= ICMP Router Discovery Protocol =

Protocol to discover routers

In computer networking, the ICMP Internet Router Discovery Protocol (IRDP), also called the Internet Router Discovery Protocol, is a protocol for computer hosts to discover the presence and location of routers on their IPv4 local area network. Router discovery is useful for accessing computer systems on other nonlocal area networks. The IRDP is defined by the IETF RFC 1256 standard, with the Internet Control Message Protocol (ICMP) upon which it is based defined in IETF RFC 792. IRDP eliminates the need to manually configure routing information.

== Router discovery messages ==

To enable router discovery, the IRDP defines two kinds of ICMP messages:

- The ICMP Router Solicitation message is sent from a computer host to any routers on the local area network to request that they advertise their presence on the network.
- The ICMP Router Advertisement message is sent by a router on the local area network to announce its IP address as available for routing.
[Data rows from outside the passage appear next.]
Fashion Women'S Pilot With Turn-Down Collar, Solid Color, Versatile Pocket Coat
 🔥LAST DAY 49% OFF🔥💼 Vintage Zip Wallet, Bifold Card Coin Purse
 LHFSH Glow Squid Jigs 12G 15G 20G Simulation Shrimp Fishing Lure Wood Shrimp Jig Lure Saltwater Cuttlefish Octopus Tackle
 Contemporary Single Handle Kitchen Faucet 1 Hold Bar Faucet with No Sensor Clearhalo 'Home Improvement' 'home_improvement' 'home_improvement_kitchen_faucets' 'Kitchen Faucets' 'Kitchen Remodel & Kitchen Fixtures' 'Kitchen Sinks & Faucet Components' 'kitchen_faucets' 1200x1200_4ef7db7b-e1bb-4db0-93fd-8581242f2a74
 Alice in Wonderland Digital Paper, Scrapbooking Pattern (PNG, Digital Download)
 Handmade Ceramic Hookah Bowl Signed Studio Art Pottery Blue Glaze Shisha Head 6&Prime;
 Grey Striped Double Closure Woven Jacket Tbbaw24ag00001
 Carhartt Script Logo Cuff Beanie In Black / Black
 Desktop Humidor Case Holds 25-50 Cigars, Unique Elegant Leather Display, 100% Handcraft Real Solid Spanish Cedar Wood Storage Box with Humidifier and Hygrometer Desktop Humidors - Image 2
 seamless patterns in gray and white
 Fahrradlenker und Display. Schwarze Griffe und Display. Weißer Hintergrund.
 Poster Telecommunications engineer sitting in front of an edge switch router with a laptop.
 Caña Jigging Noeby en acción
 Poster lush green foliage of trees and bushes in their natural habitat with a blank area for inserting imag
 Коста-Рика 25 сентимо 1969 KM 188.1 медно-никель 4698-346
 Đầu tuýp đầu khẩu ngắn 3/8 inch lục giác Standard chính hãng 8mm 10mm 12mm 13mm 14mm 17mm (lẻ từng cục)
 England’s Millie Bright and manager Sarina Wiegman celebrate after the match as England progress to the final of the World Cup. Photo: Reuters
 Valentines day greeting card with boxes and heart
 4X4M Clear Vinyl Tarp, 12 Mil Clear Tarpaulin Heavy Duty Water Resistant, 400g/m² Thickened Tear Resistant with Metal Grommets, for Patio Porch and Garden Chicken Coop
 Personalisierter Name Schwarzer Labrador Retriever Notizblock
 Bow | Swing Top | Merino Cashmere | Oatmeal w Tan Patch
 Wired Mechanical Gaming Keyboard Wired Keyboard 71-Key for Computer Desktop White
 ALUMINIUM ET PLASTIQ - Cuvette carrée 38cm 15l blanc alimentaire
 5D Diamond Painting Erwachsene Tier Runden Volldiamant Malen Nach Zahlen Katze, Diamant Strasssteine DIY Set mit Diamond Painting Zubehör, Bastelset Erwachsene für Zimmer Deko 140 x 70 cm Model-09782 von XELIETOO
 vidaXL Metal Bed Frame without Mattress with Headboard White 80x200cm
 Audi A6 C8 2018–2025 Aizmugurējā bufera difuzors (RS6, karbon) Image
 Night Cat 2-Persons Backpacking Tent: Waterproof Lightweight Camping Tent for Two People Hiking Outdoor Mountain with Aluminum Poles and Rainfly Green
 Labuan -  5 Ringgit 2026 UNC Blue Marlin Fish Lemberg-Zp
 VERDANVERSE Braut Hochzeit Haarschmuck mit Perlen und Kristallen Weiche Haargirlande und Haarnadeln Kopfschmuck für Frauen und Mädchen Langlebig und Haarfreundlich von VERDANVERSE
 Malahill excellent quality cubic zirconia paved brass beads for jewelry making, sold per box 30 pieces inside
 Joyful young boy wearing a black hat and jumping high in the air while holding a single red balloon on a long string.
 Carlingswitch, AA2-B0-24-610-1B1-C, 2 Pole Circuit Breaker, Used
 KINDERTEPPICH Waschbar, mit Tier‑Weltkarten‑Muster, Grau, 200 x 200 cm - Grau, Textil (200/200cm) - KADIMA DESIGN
When a host boots up, it sends solicitation messages to the IP multicast address 224.0.0.2. In response, one or more routers may send advertisement messages. If there is more than one router, the host usually picks the first message it gets and adds that router to its routing table. Independently of a solicitation, a router may periodically send out advertisement messages. These messages are not considered a routing protocol, as they do not determine a routing path, just the presence of possible gateways.

== Extensions ==

The IRDP strategy has been used in the development of the IPv6 Neighbor Discovery Protocol. These use ICMPv6 messages, the IPv6 analog of ICMP messages. Neighbor discovery is governed by IETF standards RFC 4861 and RFC 4862.

IRDP plays an essential role in mobile networking through IETF standard RFC 3344. This is called MIPv4 Agent discovery.